Thank you, Mohan. Given
$$f + g\cdot y \in \text{Frac}\left( \frac{\mathbb{C}[x,y]}{(y^2 - x(x-1)(x-2))} \right)$$
multiplying this element by $y$ gives
$$
f\cdot y + g\cdot x(x-1)(x-2)
$$
hence the matrix of the morphism is given by
$$
\begin{bmatrix}
0 & x(x-1)(x-2) \\
1& 0
\end{bmatrix}
$$
giving a norm of $-x(x-1)(x-2)$.
 A: As Mohan points out in the comments, you have a small mistake in your calculation.  Let $A = \mathbb{C}[x,y]/(y^2 - x(x-1)(x-2))$ and $K = \operatorname{Frac}(A)$.  The matrix of the multiplication-by-$y$ map
\begin{align*}
\lambda_y: K &\to K\\
g(x,y) &\mapsto y g(x,y)
\end{align*}
with respect to the basis $1,y$ is
\begin{align*}
\begin{bmatrix}
0 & x(x-1)(x-2) \\
1 & 0
\end{bmatrix}
\end{align*}
and the norm is the determinant of this matrix.  Note that this only gives you the norm of $y$: to compute the norm of a general element $g + hy$ you can either repeat the computation or use the fact that $\lambda: K \to \operatorname{End}(K)$ is a $\mathbb{C}(x)$-algebra homomorphism.

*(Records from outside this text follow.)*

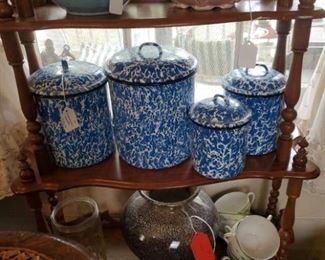 Blue and white enamel ware canisters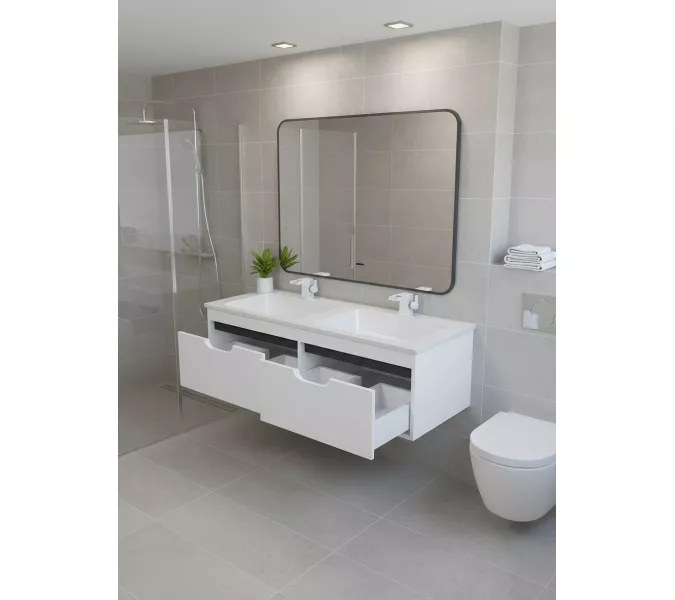 Тумба под двойную раковину Uperwood Modul 120 см, подвесная, матовая, белая/графит, Выбрать цвет: Белый/графит, изображение 2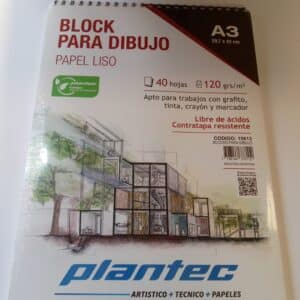 Block papel blanco liso de 120 gr anillado superior A3 x 40 hojas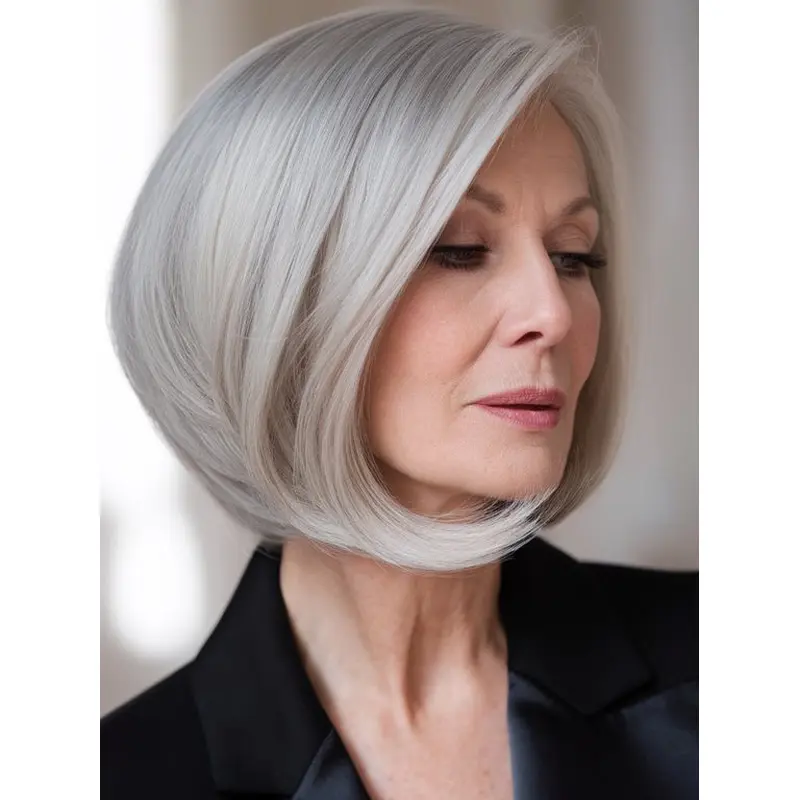 Medium Grey Wig 10" Straight Bobs Synthetic Wigs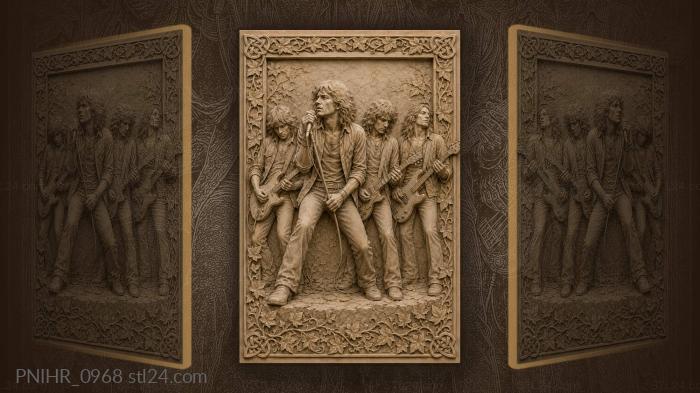 Lively band with musical instruments 3d STL model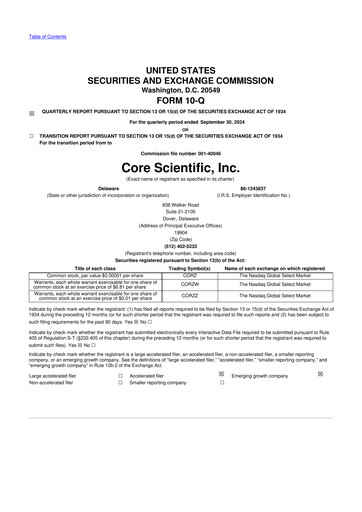 Thumbnail Core Scientific 10-Q Quarterly Report FY2024 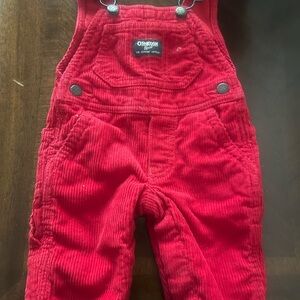 OshKosh B'gosh Bright Red Corduroy Overalls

Here's a slightly different argument you could make.  The extension $K/\mathbb{C}(x)$ is of degree $2$, hence is Galois.  Thus an equivalent definition of the norm of $\alpha \in K$ is the product of all Galois conjugates of $\alpha$.  The conjugate of $g + hy$ is simply $g - hy$, so
$$
N_{K/\mathbb{C}(x)}(g + hy) = (g + hy)(g - hy) = g^2 - h^2 y^2 = g^2 - h^2 x(x-1)(x-2) \, .
$$
Compare this to the norm of a quadratic number field: if $K = \mathbb{Q}[\sqrt{D}]$ for $D$ square-free, then for $\alpha = a + b\sqrt{D}$, the norm of $\alpha$ is
\begin{align*}
N(\alpha) = \alpha \sigma(\alpha) = (a + b\sqrt{D})(a - b\sqrt{D}) = a^2 - b^2D
\end{align*}
where $\sigma$ is the nontrivial element of $\operatorname{Gal}(\mathbb{Q}(\sqrt{D})/\mathbb{Q})$.